There are a wide variety of units that you can command. Basic infantry and tanks are what you start out with, but later on you get to command special forces, engineers, APCs, and various types of attack copters. You can even get special abilities like artillery strikes and satellite reconnaissance. Though the equipment is real, the reality factor is hurt even more by the way damage is handled. Units are relatively weak to enemy fire compared to other RTS games, and you will find that your tanks can and will be destroyed by a single guy with an AK-47.
The least convincing part about WOS is the A.I. This is some of the worst pathfinding in the history of games. You may even want to pick up a copy just so you can own a piece of history. Any order you issue to a group of two or more units is hardly ever carried out; units can get hung up in bottlenecks, on various pieces of terrain (cars, buildings, small rocks, etc.), and even each other. They stick to things like glue, and you have to work hard to get them out of the mess.
Things get worse when the enemy shows up. Target priority is a joke; tanks fire salvos at infantry when they are being pummeled by another enemy tank. Your units’ actions of self preservation are also not quite up to snuff here. Tanks tend to sit still and wait to die as the aforementioned man with an AK proceeds to shoot them to death.

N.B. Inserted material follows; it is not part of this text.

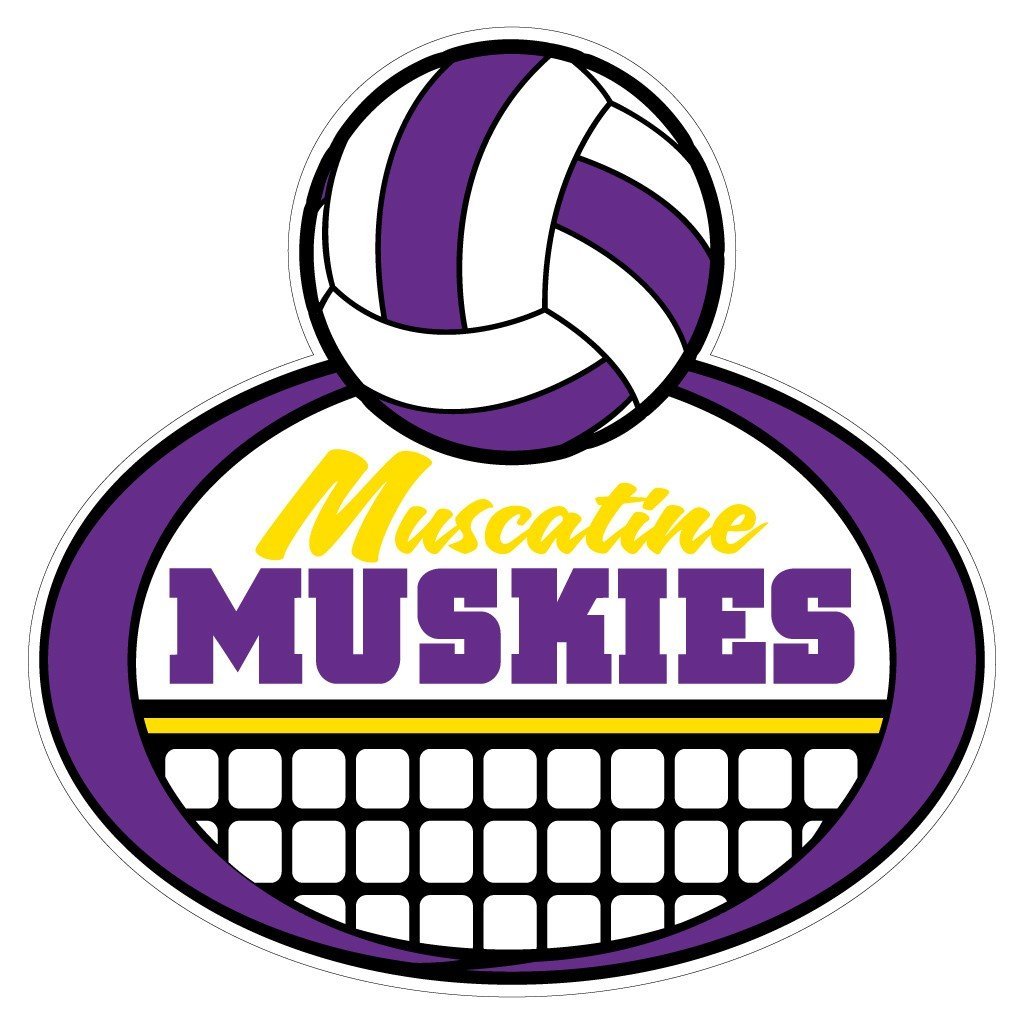 Muscatine High School Muskies Volleyball 7" Shaped Magnet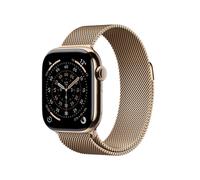 Apple Watch Series 11, GPS + Cellular, 46mm, Gold Titangehäuse mit goldenem Milanaise Loop Armband - S/M - 10€ sparen mit Wero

WOS only has 16 missions and no Multiplayer mode to speak of. There isn’t much substance here besides the well laid out maps. Battles in the open desert with little cover could have been exciting, but the game plays so poorly that it’s hard to get a good experience out of it. Likewise, the urban firefights that spark up aren’t helped out much by the way things play out. It would have been fun trying to develop desert and urban tactics and use them in conjunction with each other in the missions, but the level design just doesn’t have the support it needs from the gameplay.